» **WHAT IS EXPECTED**:
Repeat all of the records exactly, leaving out the pictures.

··· INFORMATION SHOWN

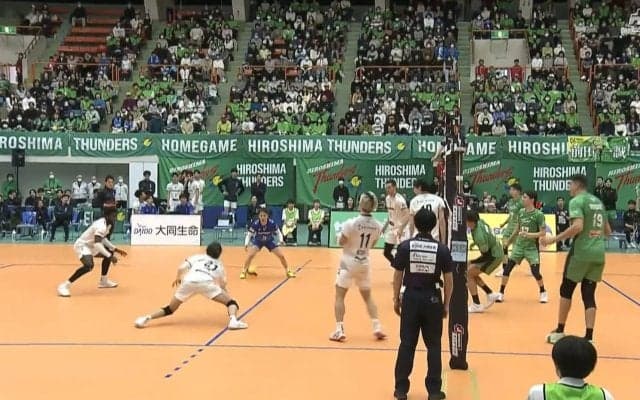 男子バレーで「どよめき→静寂→大歓声」の奇跡的なレシーブ 「どうなったんだ？」チャレンジ画面に一喜一憂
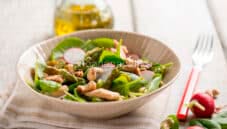 Insalata di spinaci con sgombro e anacardi, insolita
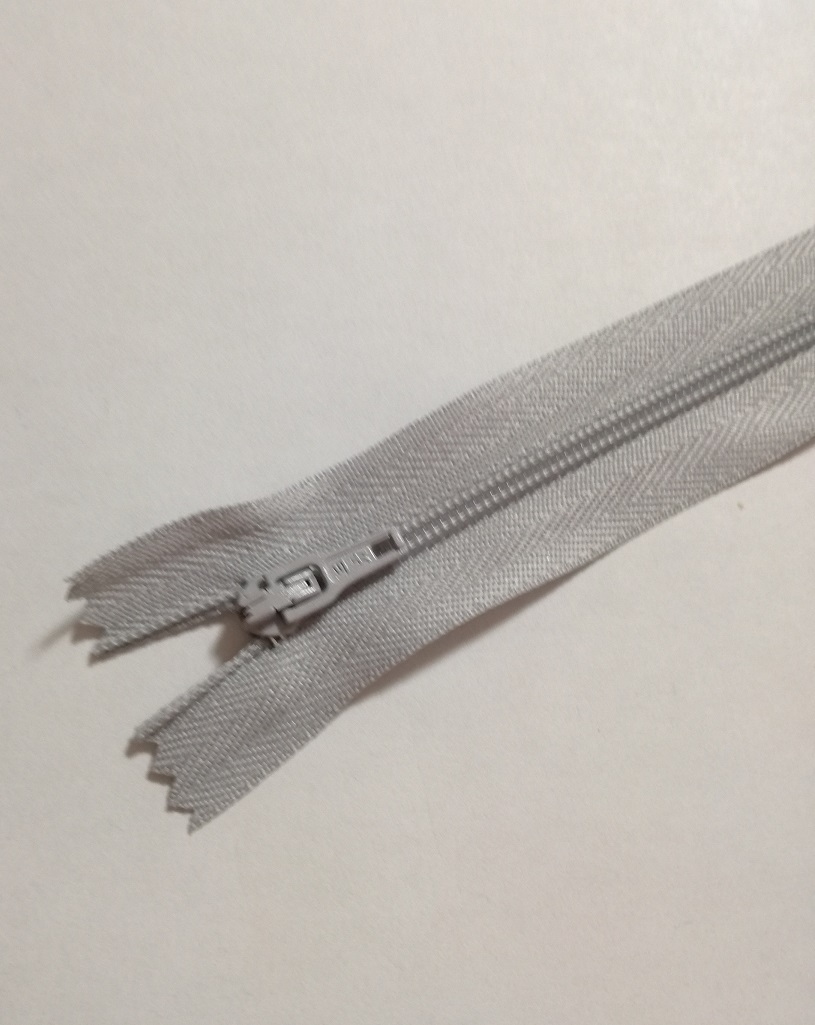 コイルファスナー   止め  20cm 【メール便100枚まで】 |  | 17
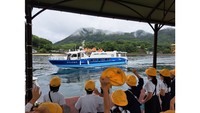 ほんのもり号を出迎える広島尾道市の生口島の瀬戸田港
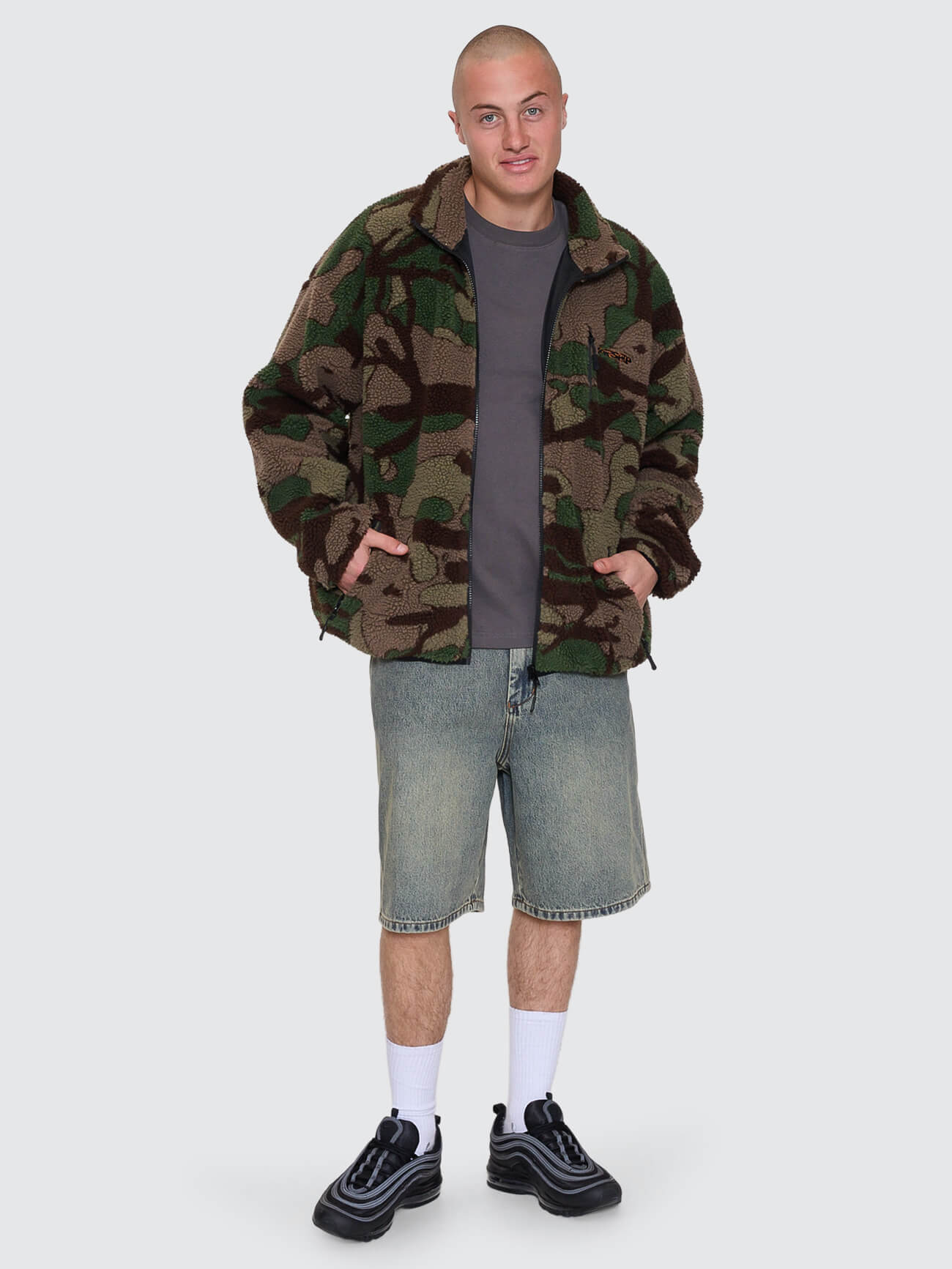 Plain Sight Sherpa Jacket - Camo Green XS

······

» **SOLUTION TO THIS PROBLEM**:
 男子バレーで「どよめき→静寂→大歓声」の奇跡的なレシーブ 「どうなったんだ？」チャレンジ画面に一喜一憂
 Insalata di spinaci con sgombro e anacardi, insolita
 コイルファスナー   止め  20cm 【メール便100枚まで】 |  | 17
 ほんのもり号を出迎える広島尾道市の生口島の瀬戸田港
 Plain Sight Sherpa Jacket - Camo Green XS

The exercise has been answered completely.